Data to use:
╔══
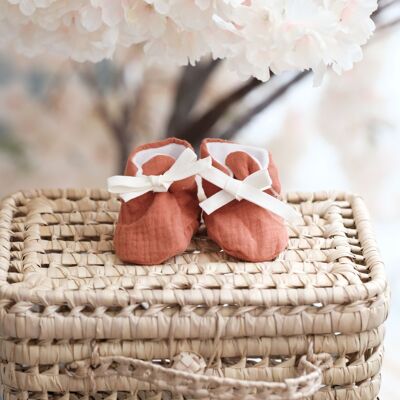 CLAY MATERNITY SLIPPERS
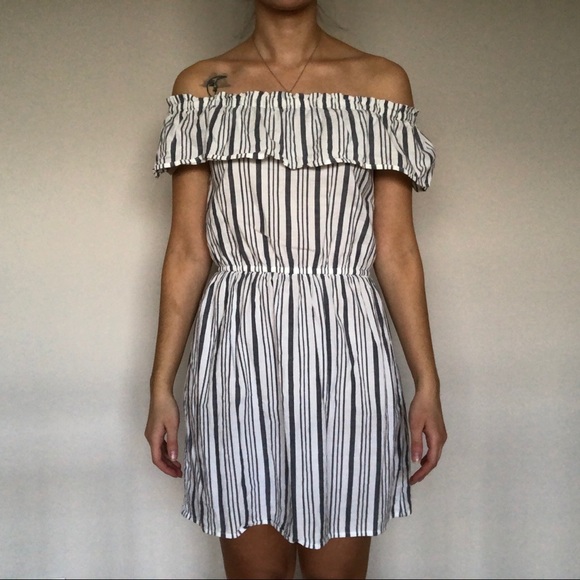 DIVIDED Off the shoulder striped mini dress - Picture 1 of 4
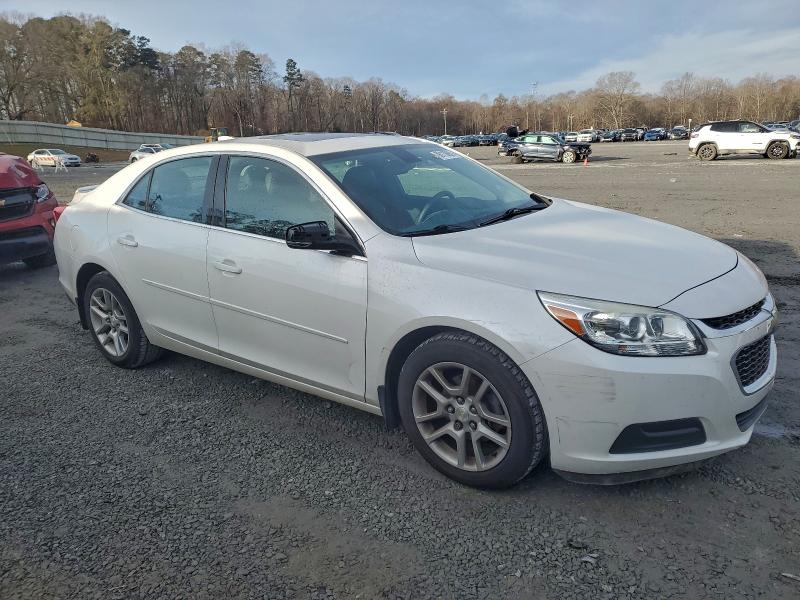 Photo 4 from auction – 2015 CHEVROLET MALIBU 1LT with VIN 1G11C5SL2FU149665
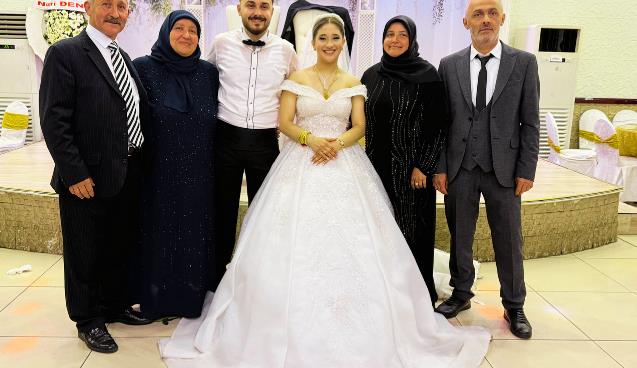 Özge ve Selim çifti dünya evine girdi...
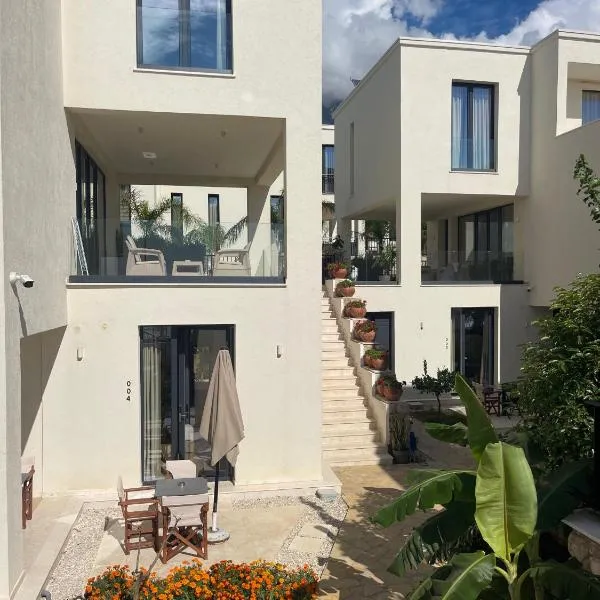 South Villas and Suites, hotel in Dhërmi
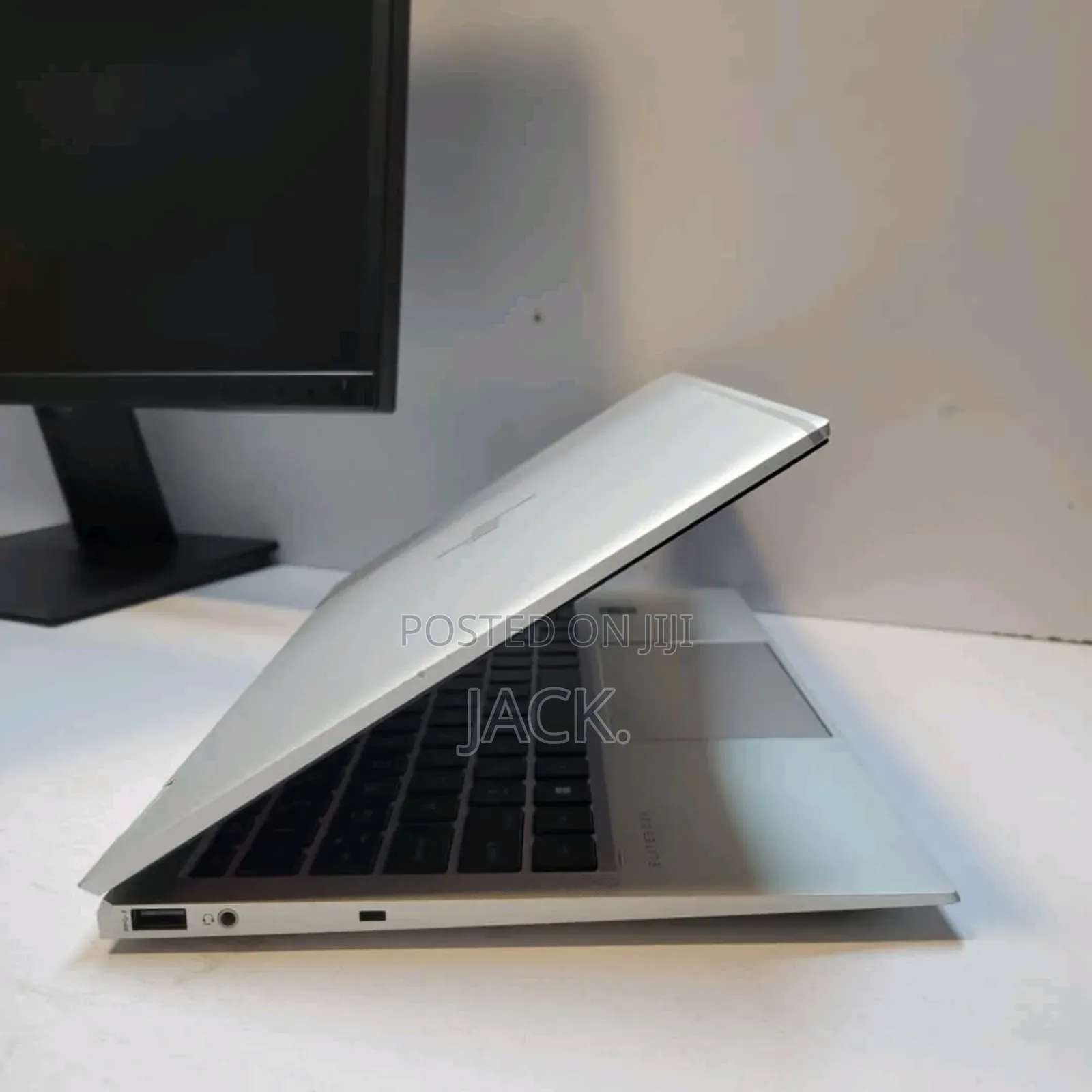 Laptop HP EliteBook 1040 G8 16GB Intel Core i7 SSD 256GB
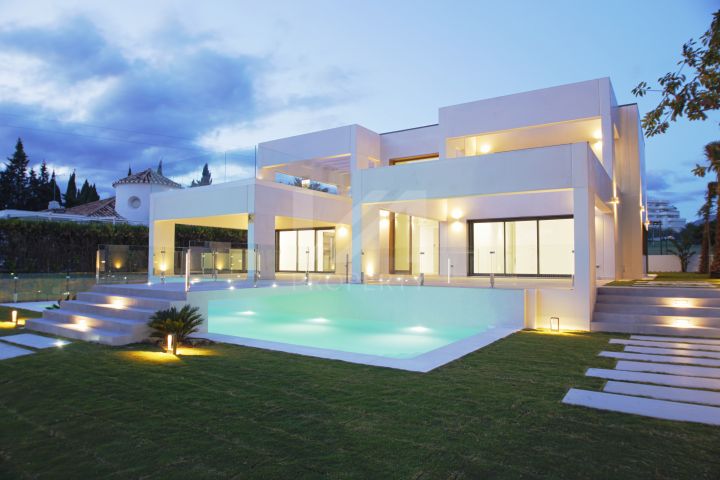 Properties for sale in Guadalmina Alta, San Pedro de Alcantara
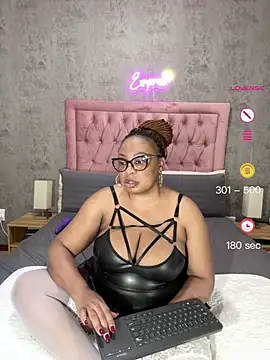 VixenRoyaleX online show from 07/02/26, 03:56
╚══
╔══
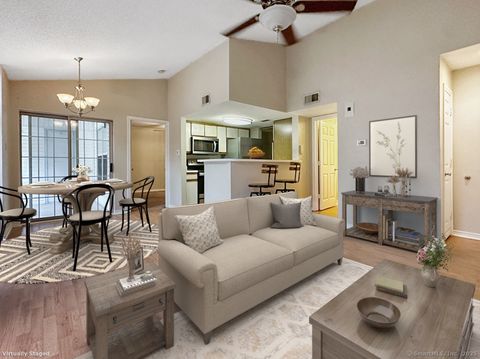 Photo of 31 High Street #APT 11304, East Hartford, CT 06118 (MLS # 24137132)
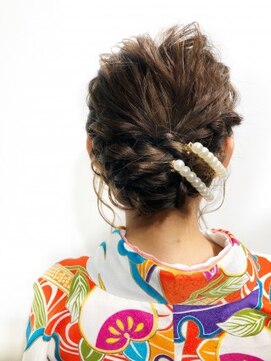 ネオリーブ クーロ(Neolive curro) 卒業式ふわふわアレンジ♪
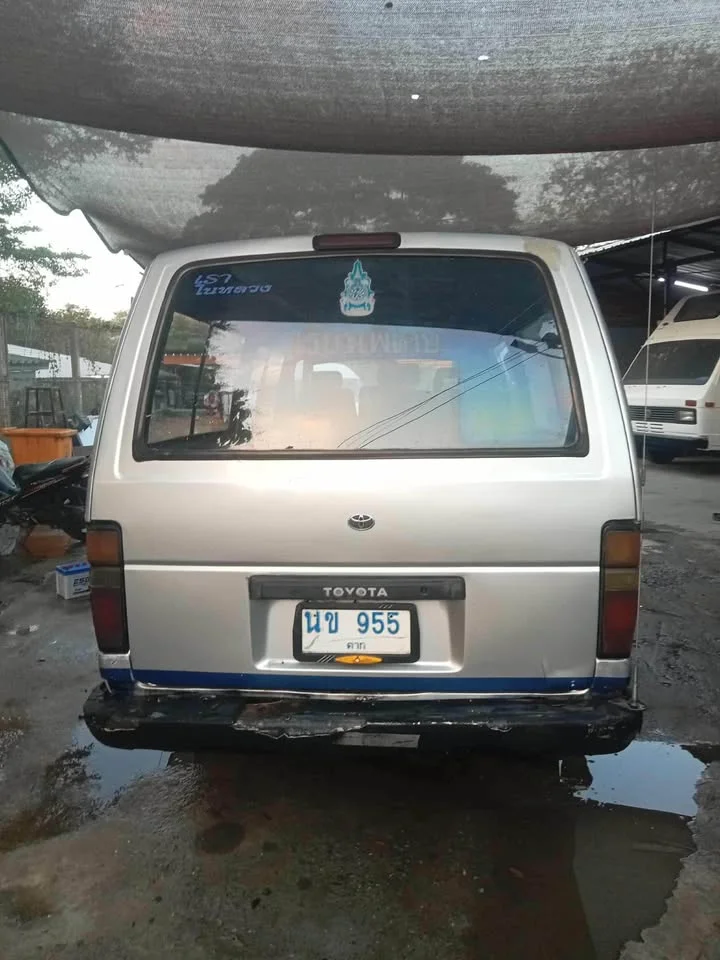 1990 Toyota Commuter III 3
╚══
What you will do:
Go to the line above holding "Özge ve Selim çifti dünya evine girdi...", then copy exactly each line down to and including the one holding "VixenRoyaleX online show", leaving pictures out.

Task solution:
 Özge ve Selim çifti dünya evine girdi...
 South Villas and Suites, hotel in Dhërmi
 Laptop HP EliteBook 1040 G8 16GB Intel Core i7 SSD 256GB
 Properties for sale in Guadalmina Alta, San Pedro de Alcantara
 VixenRoyaleX online show from 07/02/26, 03:56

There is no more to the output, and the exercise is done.